- _WORK REQUIRED_:
Send back the records exactly as written, with no images.

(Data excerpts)
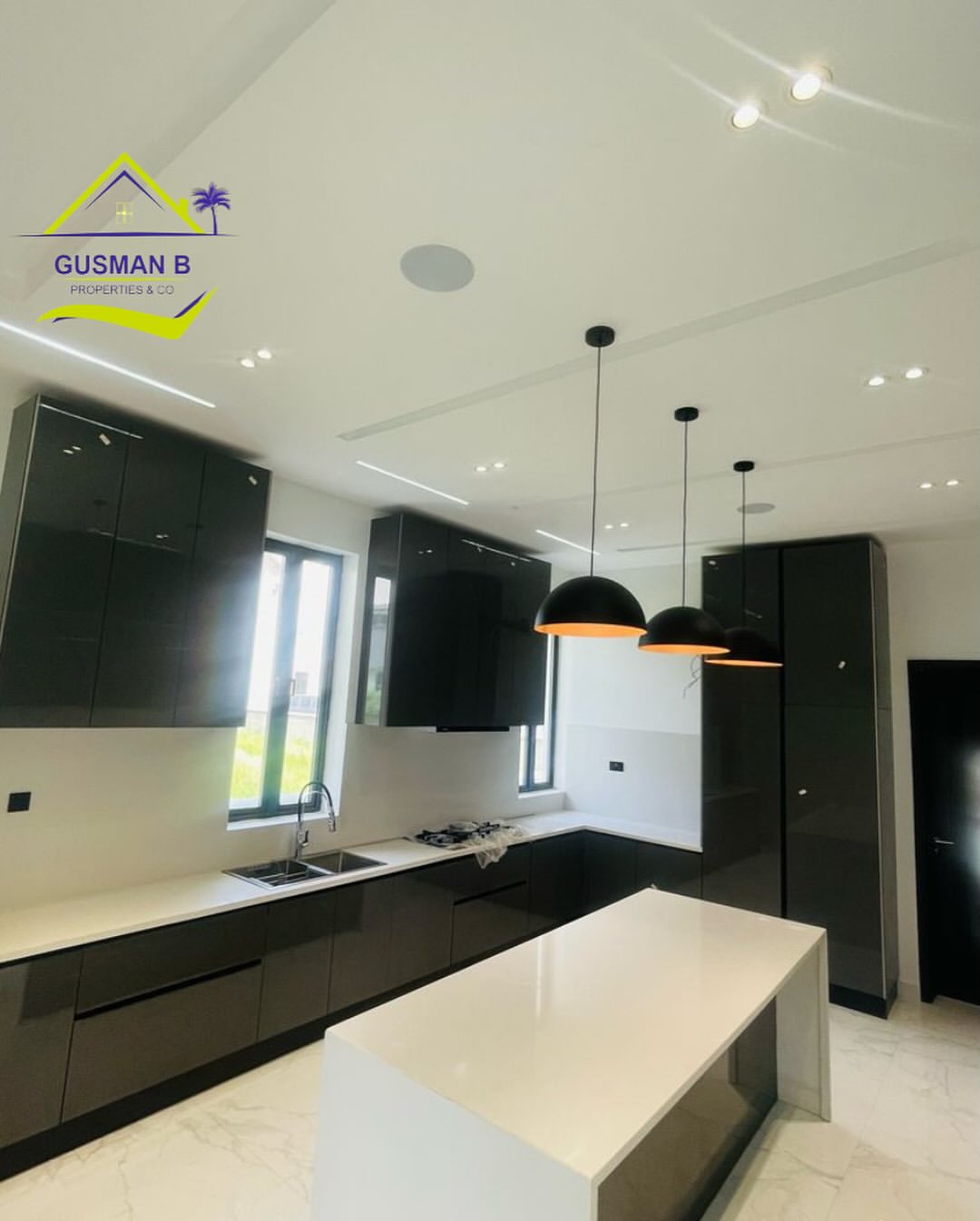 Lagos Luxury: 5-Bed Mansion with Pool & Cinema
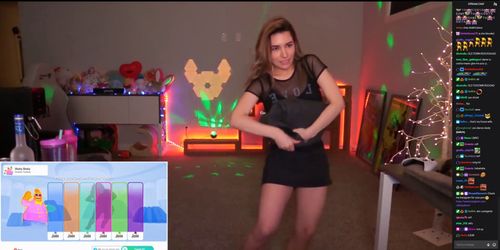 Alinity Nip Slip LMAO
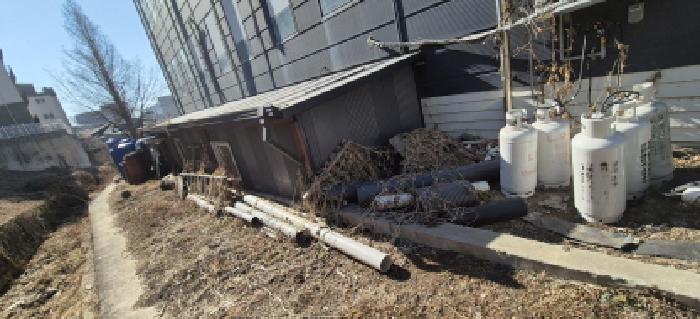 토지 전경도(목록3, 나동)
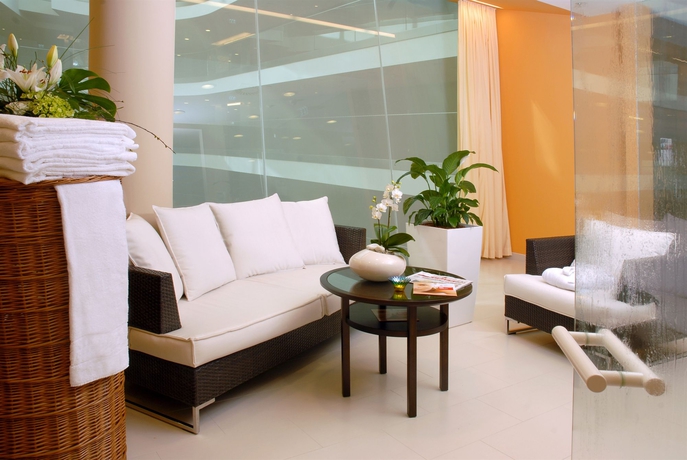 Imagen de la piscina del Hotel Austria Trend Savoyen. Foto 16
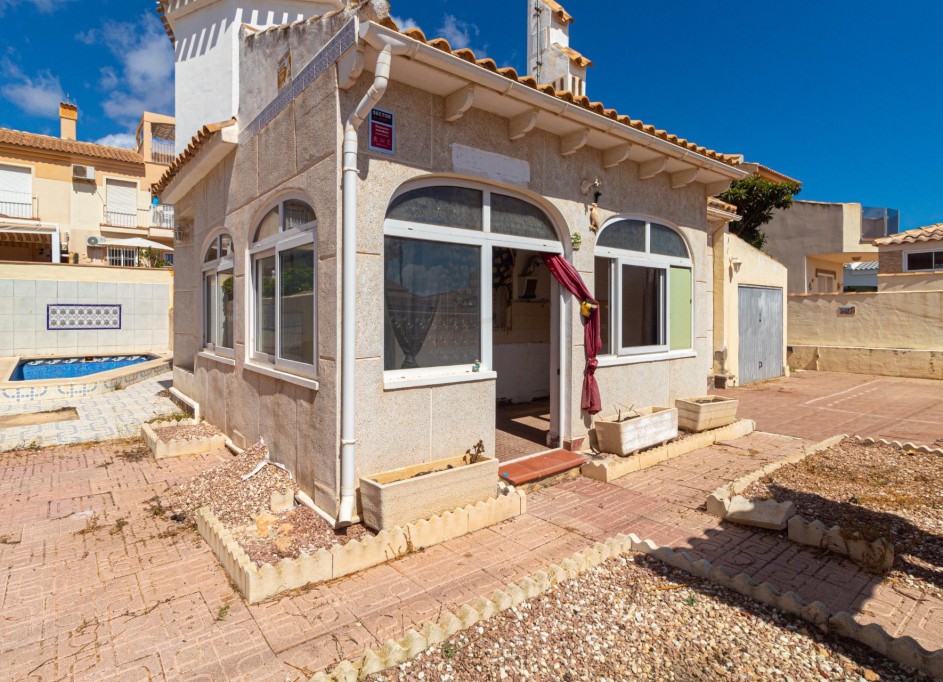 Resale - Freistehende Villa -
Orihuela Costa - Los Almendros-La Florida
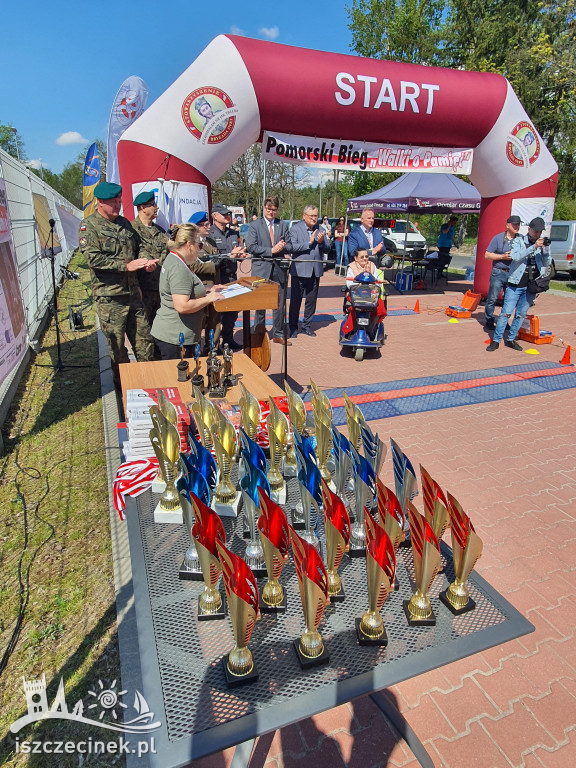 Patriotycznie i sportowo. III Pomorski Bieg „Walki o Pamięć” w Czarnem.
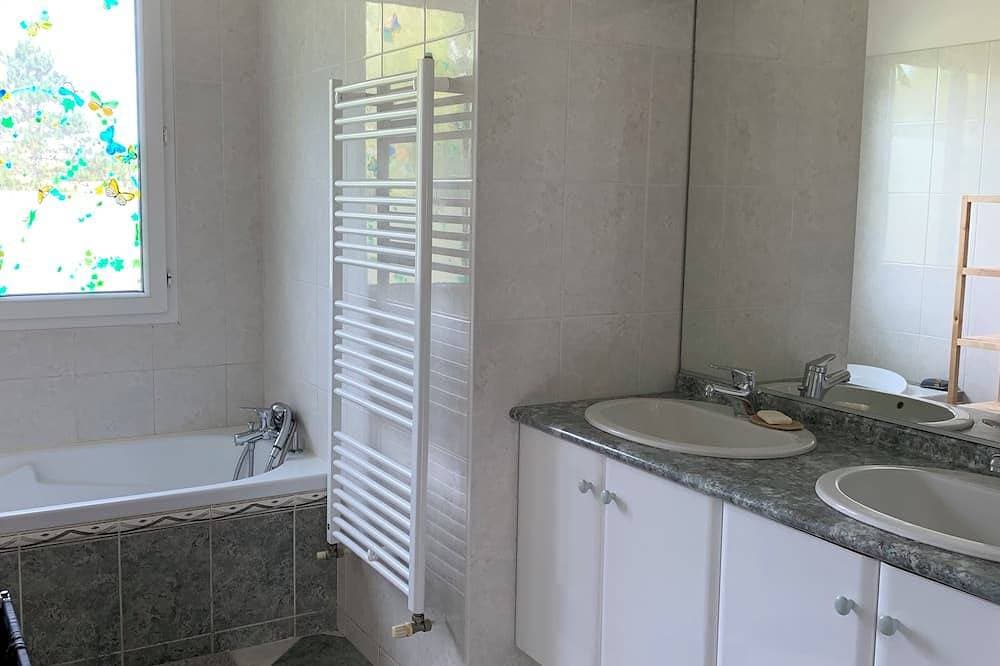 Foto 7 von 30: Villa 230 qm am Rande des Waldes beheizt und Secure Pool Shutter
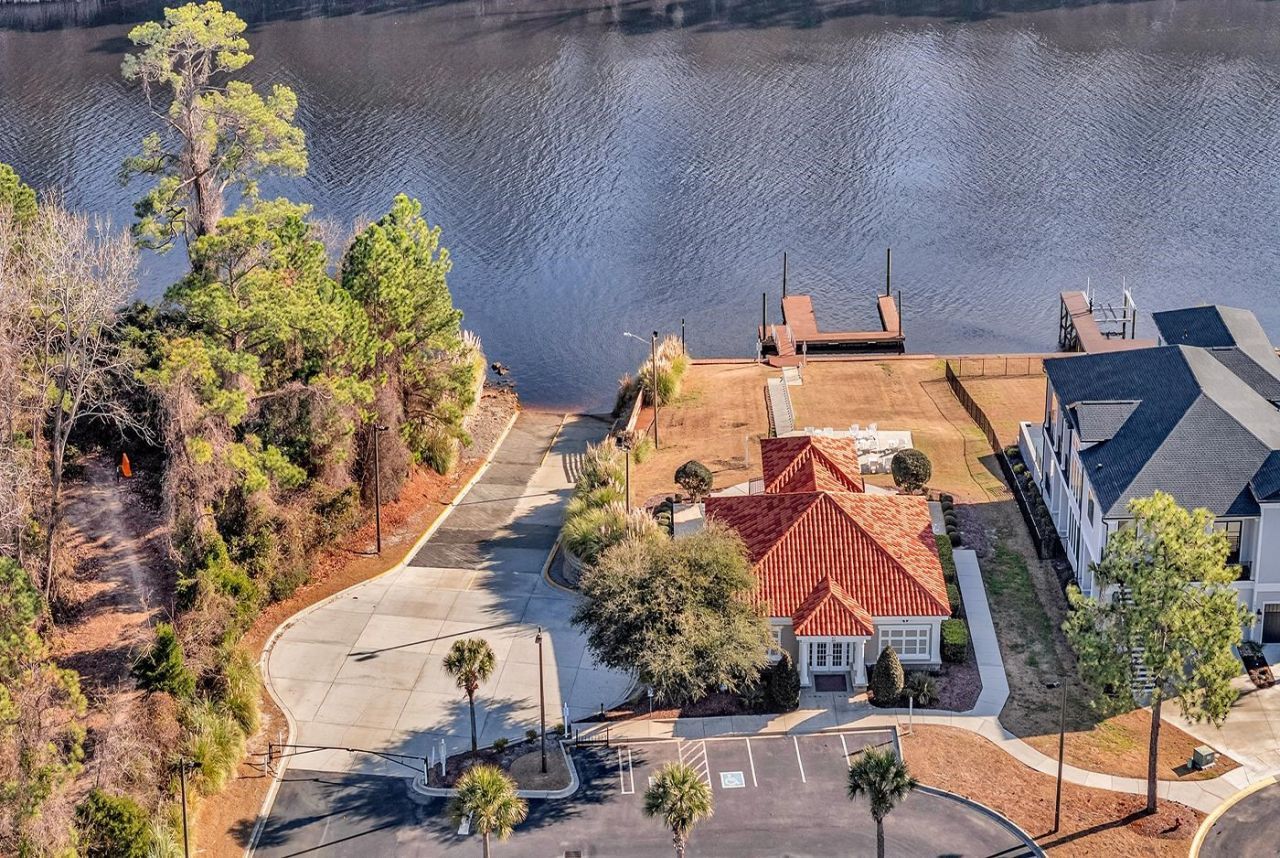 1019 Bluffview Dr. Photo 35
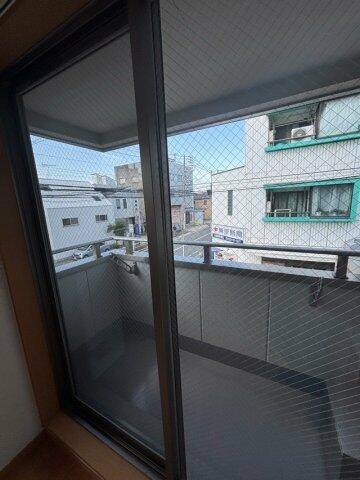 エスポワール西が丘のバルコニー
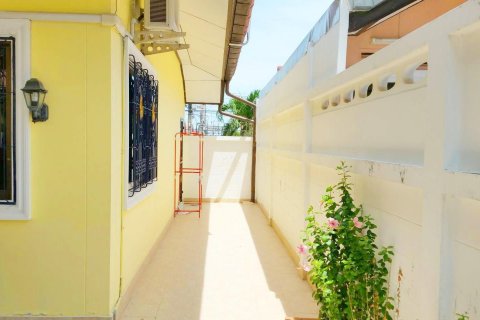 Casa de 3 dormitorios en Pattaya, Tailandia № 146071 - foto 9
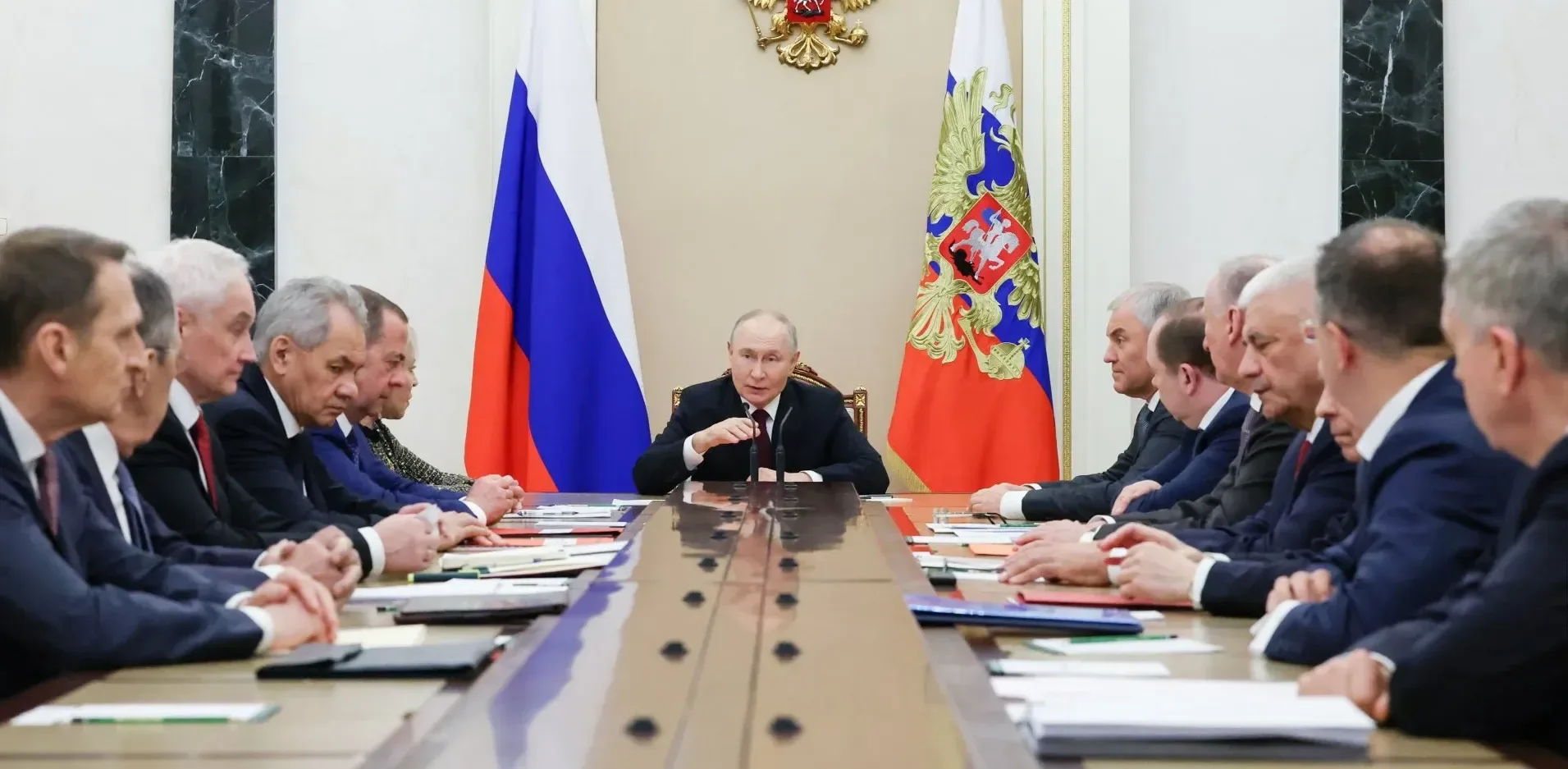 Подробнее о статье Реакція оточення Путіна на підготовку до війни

- _RESULT OF THIS EXERCISE_:
 Lagos Luxury: 5-Bed Mansion with Pool & Cinema
 Alinity Nip Slip LMAO
 토지 전경도(목록3, 나동)
 Imagen de la piscina del Hotel Austria Trend Savoyen. Foto 16
 Resale - Freistehende Villa -
Orihuela Costa - Los Almendros-La Florida
 Patriotycznie i sportowo. III Pomorski Bieg „Walki o Pamięć” w Czarnem.
 Foto 7 von 30: Villa 230 qm am Rande des Waldes beheizt und Secure Pool Shutter
 1019 Bluffview Dr. Photo 35
 エスポワール西が丘のバルコニー
 Casa de 3 dormitorios en Pattaya, Tailandia № 146071 - foto 9
 Подробнее о статье Реакція оточення Путіна на підготовку до війни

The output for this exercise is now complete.